Such elasticity is favorable to the extent that it confers an appreciable travel on this mobile contact of each switch, when it is urged by the repulsion forces, whereas the variation of the resistant force opposed to the armature remains small when this travel distance is smaller, as the case occurs for remote controlled opening of this switch and in the absence of faults. A small sized control electromagnet may therefore be used.

Purely by way of illustration, a general diagram of a quick trip mechanism 2 is shown in FIG. 8 which may be used in the invention.

The local manual control member 3 oscillates about a pivot (which is masked in the Figure) so as to move a point 50 between positions 0 and F, corresponding to opening and closing of the switch by the manual channel.

This point 50 is connected by a traction spring 51 to the pivot point 52, common to two links 53, 54 which form a toggle joint 55 and one of which bears on the point 56 of a tripping lever 57, whereas the other is connected by an articulation 58 to a transmission lever 59, representing for example part 59 of FIG. 4 or the mobile contact support 45 of FIG. 7, so as to communicate thereto an angular movement. The tripping lever 57 which is pivotably mounted at point 60 is retained by a latch 61 whose holding position is provided by a spring 62; this latch may be moved in direction H by a transmission means 63 receiving directly or indirectly the movements of the bimetal strips 4 or those of the plates or magnetic cores 64 associated with the coils or turns 5.

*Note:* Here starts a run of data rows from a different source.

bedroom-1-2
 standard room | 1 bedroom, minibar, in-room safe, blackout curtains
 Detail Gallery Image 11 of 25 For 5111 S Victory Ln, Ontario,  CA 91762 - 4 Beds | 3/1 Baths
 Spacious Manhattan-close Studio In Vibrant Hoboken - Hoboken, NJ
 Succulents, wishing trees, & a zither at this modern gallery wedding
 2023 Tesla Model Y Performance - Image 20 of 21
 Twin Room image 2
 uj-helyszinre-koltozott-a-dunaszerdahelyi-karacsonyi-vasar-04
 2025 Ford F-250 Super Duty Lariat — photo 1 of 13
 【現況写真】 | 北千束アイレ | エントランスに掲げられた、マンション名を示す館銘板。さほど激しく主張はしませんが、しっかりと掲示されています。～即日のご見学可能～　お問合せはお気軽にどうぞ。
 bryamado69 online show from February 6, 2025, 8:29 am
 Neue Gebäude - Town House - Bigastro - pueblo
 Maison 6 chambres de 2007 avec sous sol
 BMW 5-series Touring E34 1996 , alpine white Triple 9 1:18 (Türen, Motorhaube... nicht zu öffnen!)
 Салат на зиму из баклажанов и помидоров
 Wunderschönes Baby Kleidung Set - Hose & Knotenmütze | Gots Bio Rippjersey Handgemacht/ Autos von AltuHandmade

When it is desired to open the switch manually, the rocking of the control member 3 towards -0- places the point 50 in a position in which the force of spring 51 may first of all move the articulation 52 laterally then cause very rapidly contraction of the toggle joint, so that the transmission lever 59 which is in position F.sub.1 is moved towards the top of the Figure into position -0.sub.1 -; reverse movements are effected when the control member pivots from 0 towards F.

If the over current detection means 4, 5 move latch 61 which compressing the spring 62, the tripping lever 57 loses its fulcrum point 57a and swings to the top of the FIG. 8 while bringing point 56 sharply into a position in which the angle formed by points 56, 52, 58 changes direction, so that the force of spring 51 is now exerted with a lateral component which also causes the toggle joint to contract very rapidly, and thus causes the transmission lever to pivot automatically upwardly as before; a stop 65 serves for defining the limit position of the tripping lever 57.

The new arrangement of articulation 52 with respect to the pivot (not visible) of the control member 3 then brings this latter into the position -0-.

A further engagement of lever 57 under latch 61 will be provided by member 3 through means not shown, which drive the lever 57 in a clockwise direction as far as this latch, when this latter passes from the position -0- to the position -F-.

An electric protection apparatus 36, shown in FIG. 9 and using the means illustrated in FIG. 1, comprises an insulating envelope or body 70 in which is disposed a circuit breaker apparatus 29 and an insulating remote control case 71, in which is essentially disposed an electromagnet 20.

The envelope and the case are mechanically associated together, and this latter is in contact with a plate or board 37 on which the apparatus may be fixed.

The electric members of the circuit breaker comprise for each phase line a pair of input and output terminals 10, 11 and an electric circuit 9, comprising in series:

a switch 8 having a fixed contact 16 and a mobile contact 7 carried by a lever 73,

a first current detector 5 which may be of an electromagnetic type having a single spire or a coil which is responsive to the instantaneous current over intensities, whose size does not yet reach that of short circuit currents, and

a second current detector 4 using for example a bimetal strip for reacting to smaller over currents which have on the other hand a longer duration.

These two current detectors which are intended essentially for protecting a load placed in series with the apparatus (for example a motor) must then cause opening of the switch. Such opening, which is automatic, is obtained by the release of a latch 61 of the quick trip mechanism 2, one possible construction of which has been illustrated in FIG. 8.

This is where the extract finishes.